Try to show them by a few lines, straight to the point what are your goals.
Use a good quote, which might sound cliche, but if you do find a good one that sticks to the overall personal statement that would be good.
If you haven't already included in your P.S. why you chose your homeland (UK) to study, it'd be a good place to include that.
But overall, the conclusion should be a spot-on fade-out of the overall personal statement, something that sticks to the rest of the text.
I don't know what I want to do after university, so I wrote that (as it's usually where people put those bits), but that I am open to different paths and opportunities that university will present for me. (In different words, but that was the gist.)
I finished my personal statement with 'After completion of my degree I hope to take relevant experience and study in order of making my dream of becoming an occupational psychologist a reality.'
Dream and Reality was a bit cliché, but I think it illustrates I know what I want to do and what not, concise, rounded it off and stopped me ending on ice-skating! Actually, my favourite part of my PS was my ending sentence, I do not like the rest of it.
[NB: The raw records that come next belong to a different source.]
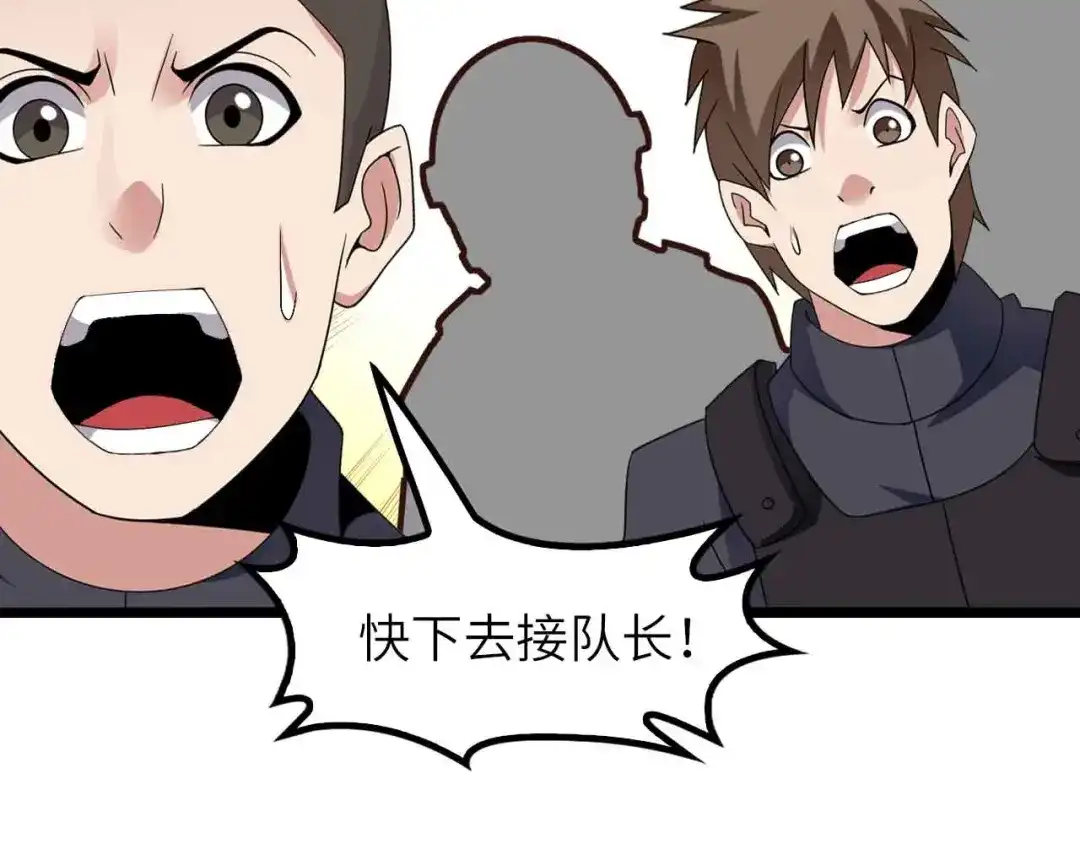 《我是无敌大天才》第201话 她就交给我咯 第27页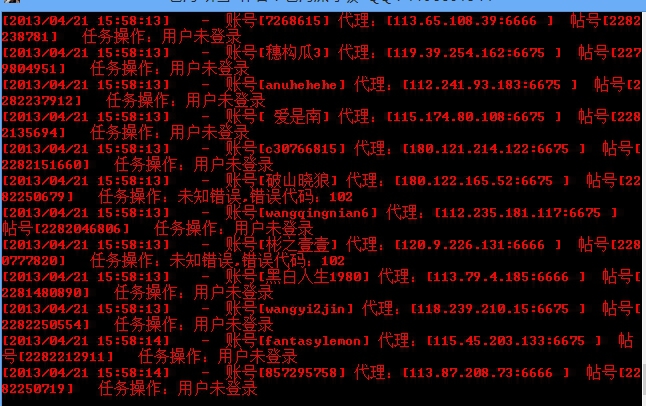 搜狗截图13年04月21日1559_1.jpg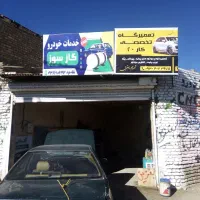 تعمیرگاه مجاز خودرو سواری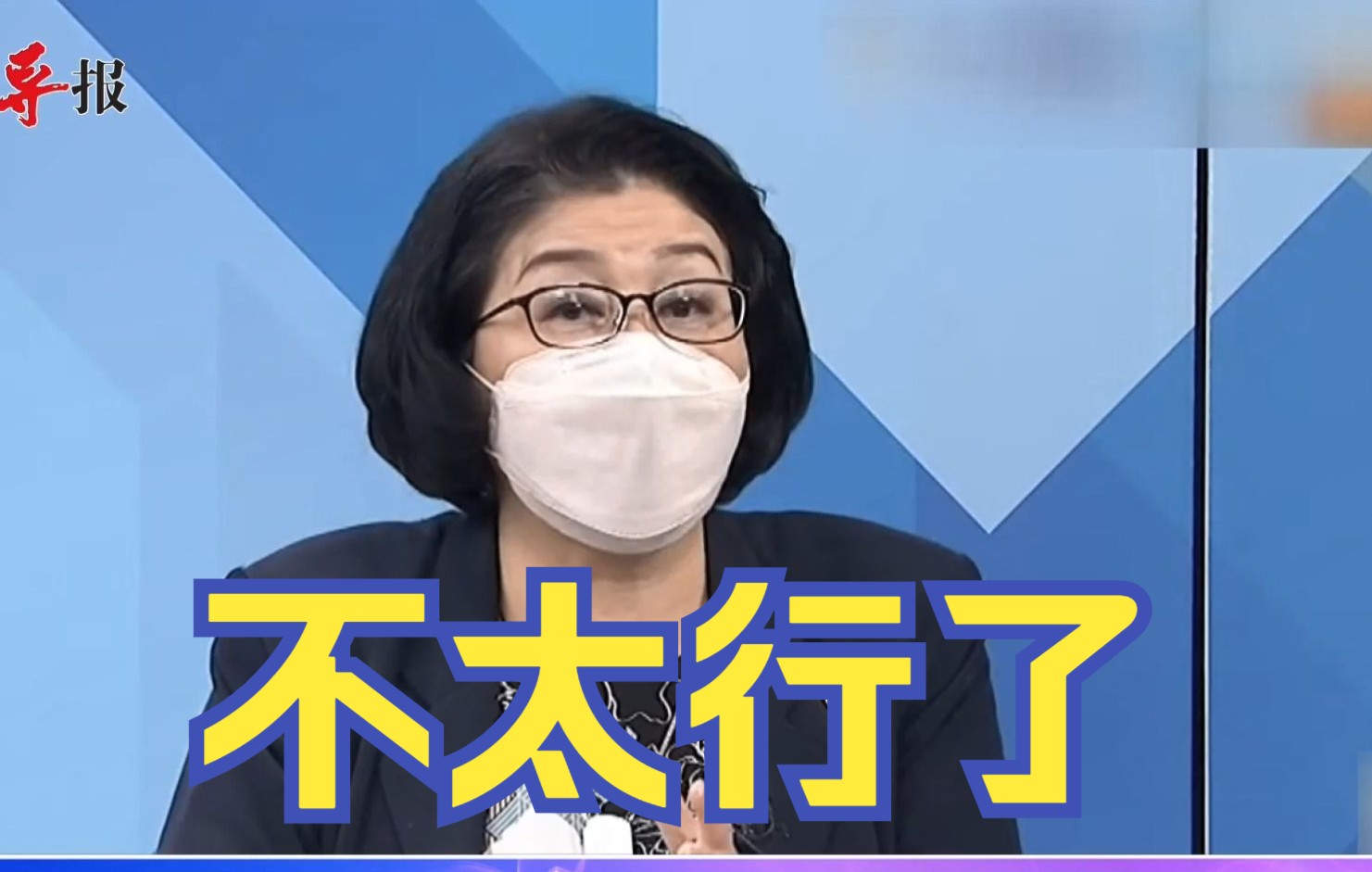 美国出现信任危机，雷倩：美债价值不断下降，多国抛售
"Overall, I consider myself to be a hardworking, creative student who is motivated by challenges and can gain personal benefit from new experiences, and I feel that a university degree in Politics will be a great foundation for a successful career in the future, in whatever field that may be"
(a) It is a foolish idea to post parts of your PS on an open forum. The UCAS plagiarism checker will have a field day.
(b) You do need a proper conclusion. It should be upbeat and draw it all together and highlight why you want to study your subject, without repeating what you have previously written.
(c) It wouldn't be a good use of the space to say things that are true for everyone, say how excited you are, say how much you are looking forward to new experiences or merely make uncorroborated claims about yourself.